Contrary to popular belief the book isn't "My Name is Wilt Chamberlain and I've made love with nearly every woman on the planet." Instead, the premise of the book is "My name is Wilt Chamberlain and this is my opinion about everything." Don't get me wrong, it's not bad. Wilt is very intelligent and witty. He has a strong opinion about everything, and I'd rather read about a strong opinion than a corporate kiss-butt like Michael Jordan who doesn't have an opinion about anything, fearing it might hurt his marketing. The chapters pretty much sum up the content:
On Height: A View from Above
On Myself: Where there's a Wilt, There's a Way.
On Athletes: Jockularity.
On Basketball: Hoops du Jour
On Other Sports: Games People Play.
On Others: Ordinary People.
On Life: Things that Piss Me Off
On Celebrity: Tin Gods
On Hollywood: A View from Tinsel Town
On Common Sense: Maybe You Can Help Me Here
On Sex and Love: What Rules the World
On the Issues of the Day: Wilt's World
Each chapter has it's shares of "Wiltisms"--witty sayings, sometimes wise. Such as:
"No one seems to equate
Inquiries regarding size and weight.
The questions on weight are not so polite
But asking how tall you are seems quite all right."
(and notice that it rhymes). Wilt makes some keen basketball insights: Such as Bill Bradley being inducted to the Hall of Fame on the FIRST ballot (that surpassed me to learn), when his numbers are only moderate. Personally, I believe he deserves the Hall, since it is also based on college numbers, but first ballot? Wilt believes it was because they wanted to have a guy speak who many thought would go on to become the President. He points out that Walt Bellamy scored over 20,000 points in his career, yet receives little respect (think about it: modern players, like Dominique Wilkins, who score over that many, had many people saying he was robbed for not making the top 50 of all time). He will also surpass you with his choices for top centers and greatest athletes.
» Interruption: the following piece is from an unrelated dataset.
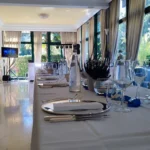 Tavolo elegante con piatti, bicchieri e decorazioni floreali in una sala luminosa preparata per un ricevimento di matrimonio.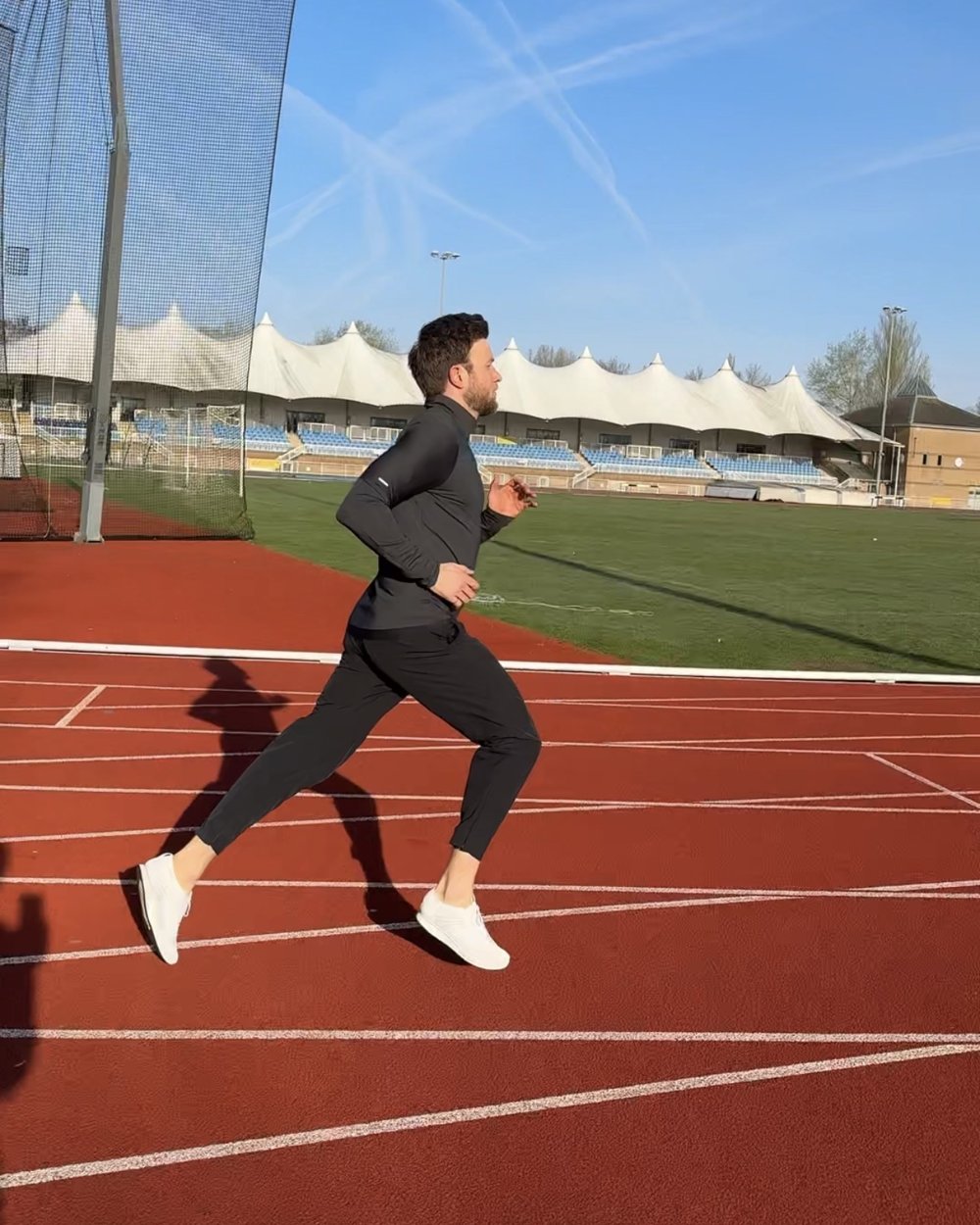 Chris running on an athletics track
Wilt has other witty observations, such as celebrities shouldn't endorse products they know nothing about, like Lindsay Wagner and Tina Turner doing car commercials. He also believes the greatest asset a person can have is a great head of hair (don't ask...just read it, it's pretty funny).
Now, as to the famous "20,000" number. Wilt later said it was hyperbole and compared it to saying, "I've seen 'Casablanca' a hundred times."
He also goes into
his many off-court interests, like volleyball, racquetball, women's sports, fine dining,
and travelling. He seems like a well-versed person who would be interesting to talk
to, even if he never played basketball. If I were to read this book after I had read
his autobiography, I would have really enjoyed it. When I went through it after
reading Wilt's autobiography, I found it witty. If you are a fan of Wilt, or are
interested in reading his opinion, it's a worthwhile grab. If you want a lot of
basketball insight, it's not nearly as insightful as his other book.
Whatever you want to say about it, give Wilt this much credit: he didn't use a ghost
writer or a co-author, which is quite an amazing feat on it's own. It didn't get a higher
rating, simply because it's not a pure "basketball" book, though it is written
by a basketball player. If you like Wilt, it's a must-buy.
A View from Above. Wilt Chamberlain. Publishing CoVillard Books. 1991.